* Task instructions *
Scan the records below for the line containing "Joyx Womens Red" and the line containing "Round Saint Lazarus". Copy both, plus every line between, exactly.

* Data in this exercise *
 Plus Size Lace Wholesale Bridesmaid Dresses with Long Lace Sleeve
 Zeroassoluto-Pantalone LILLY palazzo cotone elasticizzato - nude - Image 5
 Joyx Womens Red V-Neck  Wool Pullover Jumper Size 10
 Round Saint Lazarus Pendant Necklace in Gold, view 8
--
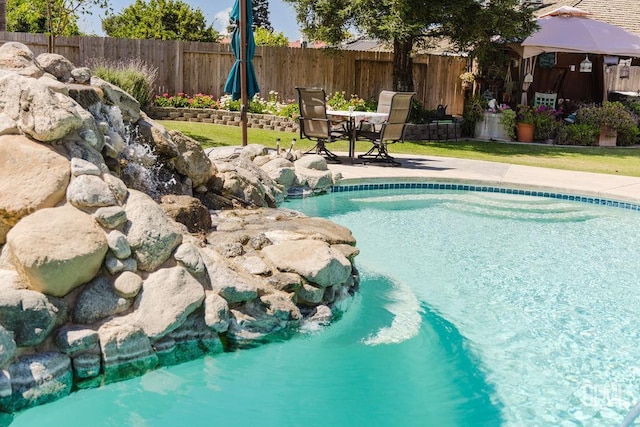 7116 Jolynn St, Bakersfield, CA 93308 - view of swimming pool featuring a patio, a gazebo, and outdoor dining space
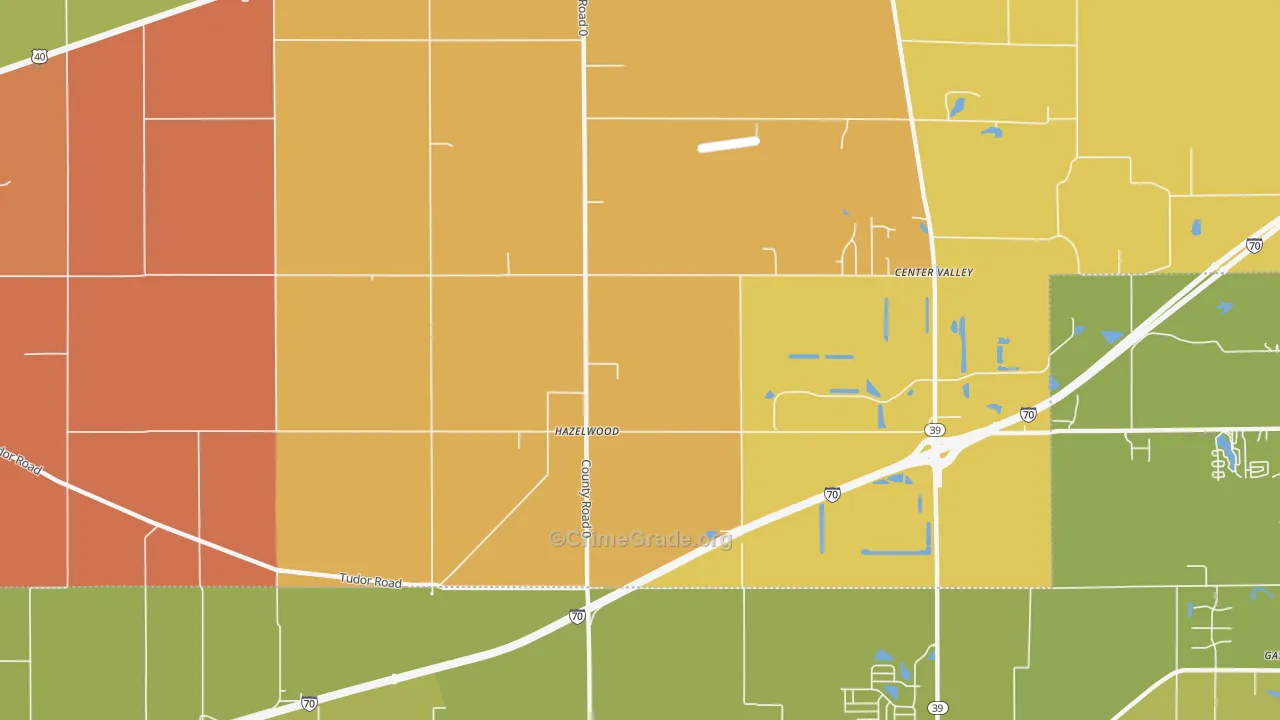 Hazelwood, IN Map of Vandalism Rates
...
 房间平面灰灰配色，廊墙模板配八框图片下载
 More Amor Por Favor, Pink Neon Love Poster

* The answer *
 Joyx Womens Red V-Neck  Wool Pullover Jumper Size 10
 Round Saint Lazarus Pendant Necklace in Gold, view 8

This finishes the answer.